Contrary to reports claiming that Ford Motor Company is fixing to axe the mid-size Ford Mondeo from its lineup in Europe as it seeks greater profitability, the automaker says it will update the family car shortly, calling it a “core part” of its European-market product portfolio. “Upgrades [are] coming for Mondeo later this year, which will see new powertrains as well as exterior and interior updates as well as enhancements to the Mondeo Hybrid range,” the company said in a statement emailed to Bloomberg.
Changes are indeed on the horizon for Ford’s European operations, and according to reports, the automaker could cut as many as 24k hourly positions around the globe, with the bulk of the layoffs concentrated in Europe. But discontinuing the Ford Mondeo isn’t part of the agenda, the automaker says, and nor is axing the S-MAX and Galaxy MPVs, both of which share the Mondeo’s platform.
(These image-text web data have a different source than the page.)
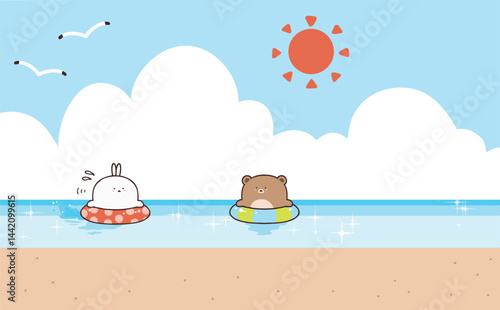 夏の晴れた日に海水浴をするクマとウサギ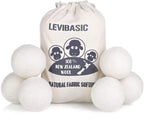 Wool Dryer Balls 6 Pack XL, Genuine New Zealand Wool to Core, 100% Organic Fabric Softener Alternative, Baby Safe & Chemical Free, Reduce Wrinkles & Shorten Drying Time (White-6pcs)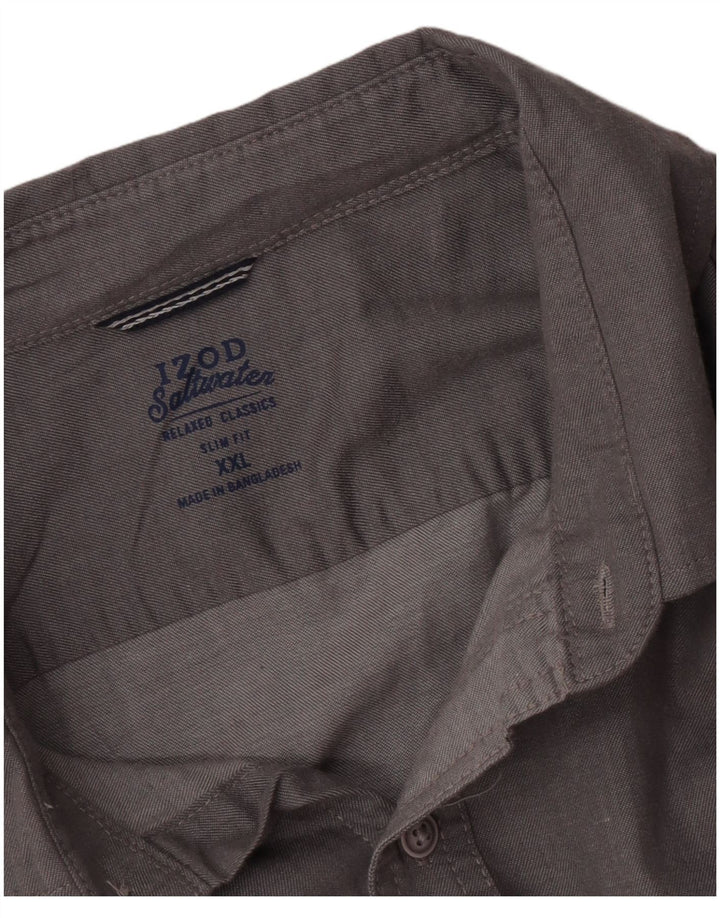 Izod Camisa ajustada de agua salada para hombre 2XL Gris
Of course, Ford Motor Company expressed similar sentiments in North America when news broke that the automaker had canceled a redesign program for the Ford Fusion – North America’s version of the Mondeo sedan. “Fusion remains an important part of the Ford lineup for years to come, with even more new fresh features on the way,” Ford North America Product Communications Manager Mike Levine said in a statement in January. A short while later, the automaker pulled the wraps off of an updated Fusion set to go on sale for the 2019 model year, but just a month after that, Ford announced it would phase out all “traditional sedan” models in North America over the next few years.
Ford lost nearly $80 million in Europe during the second quarter of this year, despite signs that the automaker had turned things around in the market over the past few years. In May, Executive Chairman Bill Ford said that some “fairly large” changes were in store for Europe and South America as the automaker combats losses in those regions.